Please note that this task might be broken down into smaller tasks to be able to fully support all of the features that we need, because when this is done we want to fully support from_json for the default configs on the GPU on close to all of the data types.

For get_json_object, because it outputs only strings, it runs in two passes. The first pass will parse the input data, validate it, calculate the size of the output string column, and write that size out. Next a scan is done to turn the sizes into offsets. Finally a second kernel is run, which will parse the input data, validate it again, and write the data out.

Things get extra complicated here because we have to deal with multiple different nesting levels. I still think we can do it all in two passes of the parsing kernel.

For example:

Lets say I have data that looks like

{"a": [[1, 20, 3], null, [40]]}
{"a": [null, [5, 60]]}
{"a": []}

and a schema like STRUCT<a: Array<Array<String>>>

Before we process the data at all we are going to allocate a column of sizes for each nesting level and call a kernel with pointers to that data. The sizes are offsets for each nesting level per input row, not per output row.

So after the kernel runs, and it validates the input/etc. we end up with the following

a_level0,  a_level1, a_level2
3,             4,            6
2,             2,            3
0,             0,            0

For the first row a_level0 has 3 in it, because there are 3 entries in the top level array under a. For a_level1 it has 4 in it because there are a total 4 entries in all of the arrays at the next level. For a_level2 it has 6 in it because there are a total of 6 bytes needed to encode the leaf node string values.

Once we have these values we will do a scan on each of the levels to get offsets on a per-row basis.

a_level0,  a_level1, a_level2
3,             4,            6
5,             6,            9
5,             6,            9
5,             6,            9

With this information we can now allocate all of the final output buffers and run the kernel one last time. That kernel would look at the starting offset for each level of nesting and keep track of where it is at while it output the final offsets and data. a_level0 would be reused as the top level offsets for a. The rest of the temp offset columns would be thrown away.

a offsets_1
3
5
5
5

a offsets_2
3
3
4
4
6
6

a offsets_3
1
3
4
6
7
9
9

a leaf_data
'1'
'2'
'0'
'3'
'4'
'0'
'5'
'6'
'0'

Even though the algorithm does not appear to be too complex on the surface, we have the problem that we need a place to store all of the different offsets/counts for the different nesting levels.

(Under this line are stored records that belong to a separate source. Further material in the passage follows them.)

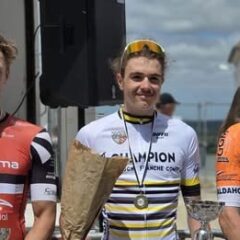 Championnat de Bourgogne France Comte Néo Derangère sur le podium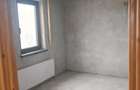 Casa solida, 4 dormitoare, 3 bai, 280 mp construiți, teren 1100 mp – Stupin - 9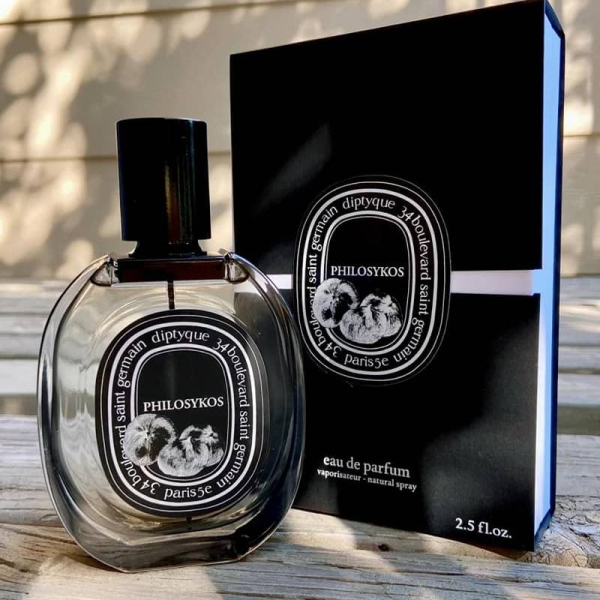 Philosykos của Diptyque là một chai nước hoa unisex với hương cây dứa
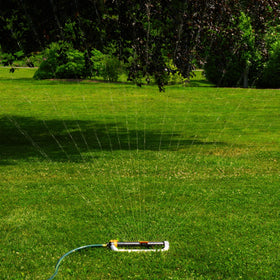 Sturdy metal sled keeps the sprinkler stable during watering.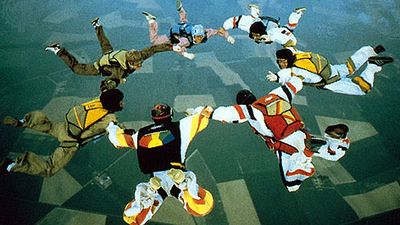 seven-man freefall hookup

Happily this is related to the schema size/depth, so we can know it up front without running anything. We might need to start off with a hard coded maximum size, and fall back to the CPU if that size is too large. Then we can have a follow on issue to look at how to support more.

Be aware that we need to support a Map<STRING,STRING> as a top level data type for this. It would be great if we could also support top level arrays, but that is not a requirement. Any data type that we cannot support out of the box with this, we need to file a follow on issue for that support, and we need to make sure that we fall back to the CPU.